United States District Court, M.D. Pennsylvania
Sep 26, 2005
3:CV-99-1976 (M.D. Pa. Sep. 26, 2005)

Summary

In Fisher v. Clark Aiken Matik, Inc., No. 3: CV-99-1976, 2005 WL 6182824, at *1 (M.D. Pa. Sept. 26, 2005), the plaintiff's expert witness filed a supplemental report in response to the defendant's Daubert motion.

Summary of this case from Simmerman v. Ace Bayou Corp.

Opinion

3:CV-99-1976.

September 26, 2005


MEMORANDUM


This matter is before the Court on the Motion for Summary Judgment of Defendant Marquip, Inc., claiming that the machinery in question in this products liability litigation cannot be regarded as "unreasonably dangerous" under the risk-utility analysis mandated by Pennsylvania law. See Azzarello v. Black Bros. Co., 391 A.2d 1020, 1026 (Pa. 1978). Finding that the pertinent risk-utility factors weigh in favor of Plaintiff, the summary judgment motion will be denied.

Co-defendant Will-Pemco, Inc. has joined in Marquip's summary judgment motion. (See Dkt. Entry 103.)

I. BACKGROUND

In a products liability action brought under Section 402A of the Restatement (Second) of Torts, such as this action, it is the product itself, and not the manufacturer's conduct, that is at issue. In this case, the product of concern is a complicated piece of machinery used by the International Paper Company at its plant located in Hazleton, Pennsylvania. Specifically, involved in this accident was a paper "splicer" designed and manufactured by Defendant Marquip, Inc., and incorporated into a "sheeter" machine designed and manufactured by co-Defendant Will-Pemco, Inc., successor-in-interest to Clark Aiken Matik, Inc.

Plaintiff has also asserted claims for negligence and breach of warranties. However, in moving to preclude evidence of negligence, Plaintiff has signaled her intent to withdraw the negligence and warranty claims in the event that Marquip's summary judgment on her strict products liability claim is denied. (See Motion in Limine to Preclude Evidence of Negligence (Dkt. Entry 200) at 2.)

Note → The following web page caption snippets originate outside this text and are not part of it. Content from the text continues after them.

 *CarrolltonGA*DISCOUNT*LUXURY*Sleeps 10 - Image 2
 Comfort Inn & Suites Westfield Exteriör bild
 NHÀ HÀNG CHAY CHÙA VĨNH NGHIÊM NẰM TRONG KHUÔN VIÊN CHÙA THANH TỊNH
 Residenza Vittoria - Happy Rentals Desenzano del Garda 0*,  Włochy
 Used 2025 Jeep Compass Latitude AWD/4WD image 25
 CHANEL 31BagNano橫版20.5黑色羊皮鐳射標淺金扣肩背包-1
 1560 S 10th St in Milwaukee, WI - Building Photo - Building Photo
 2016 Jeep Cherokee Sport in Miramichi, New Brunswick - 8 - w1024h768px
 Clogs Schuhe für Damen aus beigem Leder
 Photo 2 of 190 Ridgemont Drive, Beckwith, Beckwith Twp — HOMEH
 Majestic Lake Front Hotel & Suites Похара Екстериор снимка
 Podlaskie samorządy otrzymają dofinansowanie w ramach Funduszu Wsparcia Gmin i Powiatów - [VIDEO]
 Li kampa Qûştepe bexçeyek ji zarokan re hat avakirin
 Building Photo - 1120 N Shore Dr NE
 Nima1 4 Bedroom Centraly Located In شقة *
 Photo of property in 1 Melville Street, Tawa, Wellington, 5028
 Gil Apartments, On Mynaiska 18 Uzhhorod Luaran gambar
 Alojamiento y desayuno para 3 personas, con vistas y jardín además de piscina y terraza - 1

The sheeter line operated at the International Paper plant starts with very large rolls of heavy paper as raw material. The paper rolls are unspooled, and the sheeter line ultimately cuts the heavy paper to the desired length and stacks the cut paper. There are two pairs of roll stands that unspool the paper rolls, and each pair of roll stands is capable of feeding one roll of paper at a time to the sheeter line. A Marquip splicer is located above each pair of roll stands. The purpose of the Marquip splicer is to allow the sheeter line to run continuously by eliminating the need to stop the sheeter to allow for re-threading the paper each time a roll of raw material paper has been exhausted.

The splicer includes an element referred to as the "dancer roller," which is intended to move along the splicer in accordance with the size of the roll of paper being processed. Movement of the dancer roller is enabled by a sensor called a "potentiometer." The potentiometer is connected to the dancer system by a chain located in the "dancer track area." The chain interacts with the potentiometer. The dancer system itself is connected to air cylinders by cables. The air cylinders provide the force that moves the dancer roller.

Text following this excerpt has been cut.